14 Jan 2019
Health Canada rejects bid for an independent review of Roundup
There is something wrong with Canada’s regulation of pesticides.
A year and a half ago Friends of the Earth filed what’s called a Notice of Objection questioning Health Canada decision to re-register glyphosate for 15 years – glyphosate is a key component of Monsanto’s herbicide RoundUp. As usual Health Canada investigated itself, concluded it was right and dismissed our objection. This is how it always goes. Every time Friends of the Earth and other organizations have filed objections Health Canada has refused to establish an independent review. The only difference in this case was the speed of the response. Our neonicotinoid objections took three years to be rejected. Glyphosate only took a year and a half.
As our Notice of Objection pointed out there are growing concerns about Roundup especially how Monsanto (now owned by Bayer) has attempted to manipulate the registration process in both Canada and the United States. A U.S. Jury awarded over $200 million to a Dwayne Johnston who contracted cancer after being exposed to Roundup in the course of his work.
In June 2015, the International Agency on Research on Cancer (IARC) of the World Health Organization determined that Glyphosate is probably carcinogenic to humans. This designation, also known as Group 2A carcinogen, is the second highest carcinogenic rating just below designating a substance as a known human carcinogen. Given these developments you’d expect a significant rethinking by Health Canada. Instead it went into industry reassurance mode. After all, Health Canada would have to admit it made a mistake if Roundup were found to cause cancer.
The pesticide regulations entitle us to file an objection to a decision by Health Canada’s Pesticide Management Regulatory Agency. It’s a process designed to ensure the public is protected. However the government has let us down by not ensuring “Objections” get a fair hearing. A successful “Objection” only results in the establishment of independent review. But that happens only if the PMRA decides it is necessary. So when we file an objection to a PMRA decision and ask for an independent review, the PMRA reviews its own decision and concludes it was right. We don’t have any means to question Big Brother. This is the problem that plagued police forces for years and lead to the establishment of independent complaint bureaus.

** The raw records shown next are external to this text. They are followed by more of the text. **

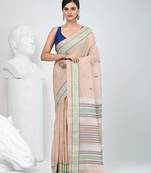 Elegant beige cotton saree with intricate border design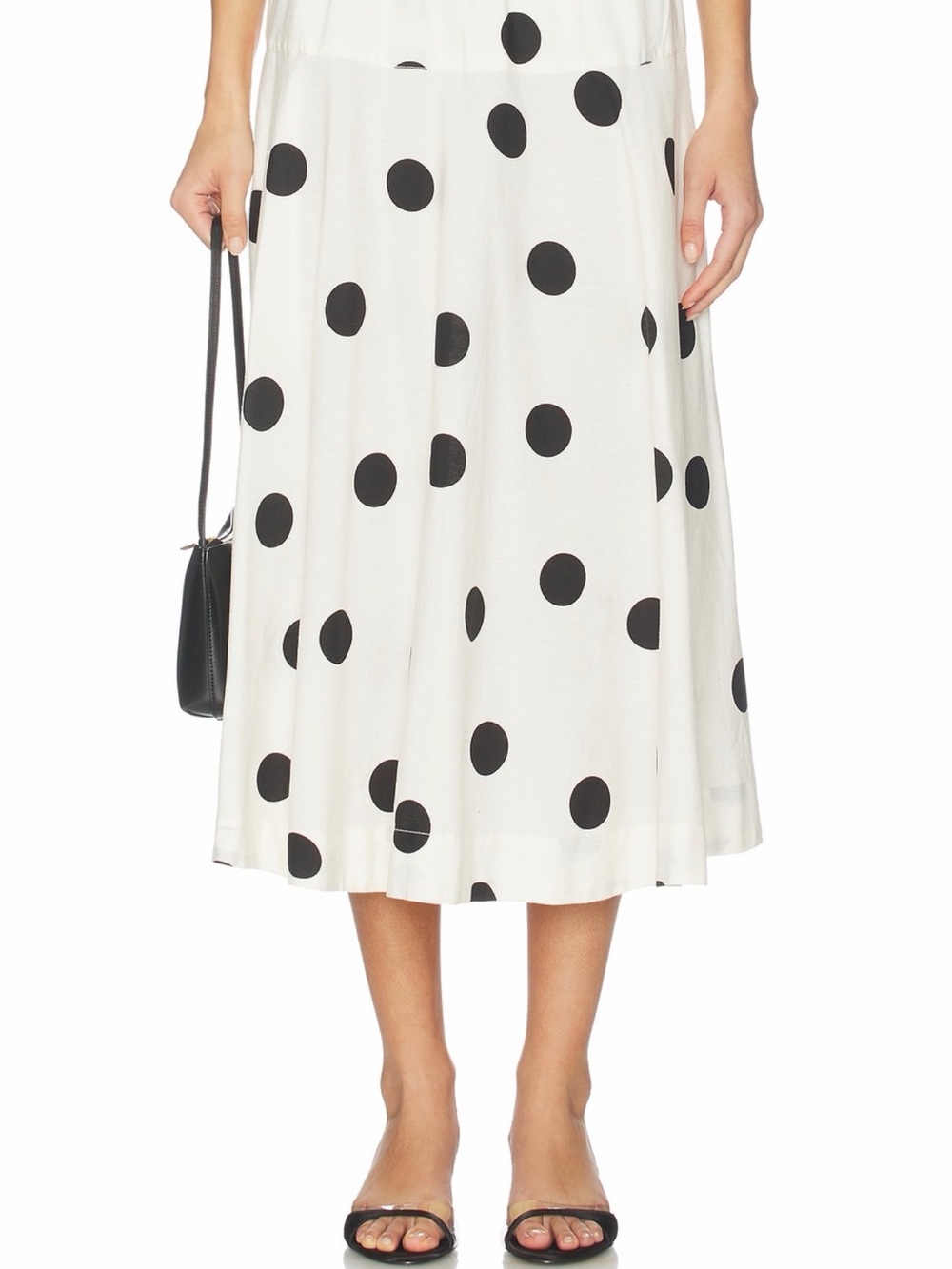 Free People Cream Midi Skirt with Black Polka Dots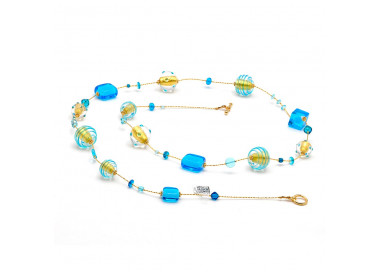 Ketting lang blauw en goud murano glas van venetië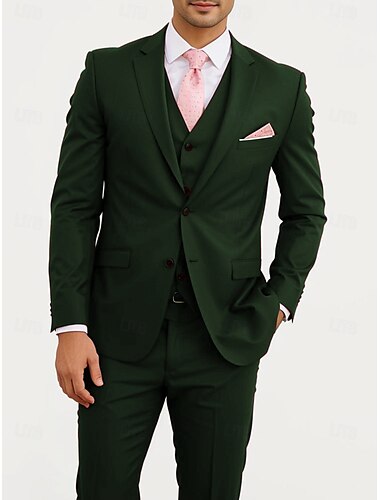  Hochzeits Business Anzüge für Herren Heimkehranzüge Bordeaux Marineblau Fashion Formal Einfarbig Standard Passform 3-teilig Einreiher Zwei-Knöpfe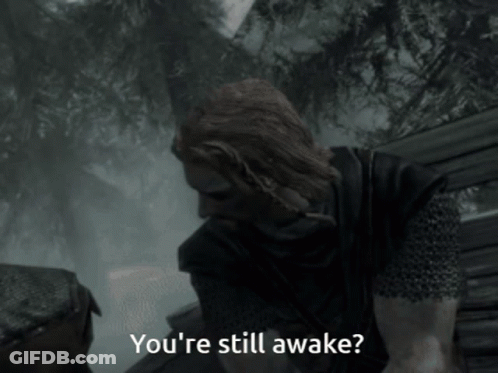Man In Video Game Asking If Still Awake GIF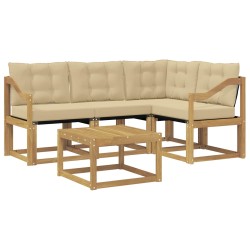 Ensemble de canapés d'extérieur 5 pcs Blanc et Beige 636397636397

It is important to note what happened with bee killing neonicotinoid pesticides. The Notices of Objections filed against the registration of clothianidin were studied by the PMRA for three years and rejected. A year later the same PMRA proposed banning them after studying water-based residue that affects aquatic insects.
A government agency no matter how honest, good intentioned and professional cannot investigate itself. Justice requires independent review. As long as this internal review process continues, Health Canada and its Pest Management Regulatory Agency will continue to lose credibility and, with it, the trust of Canadians.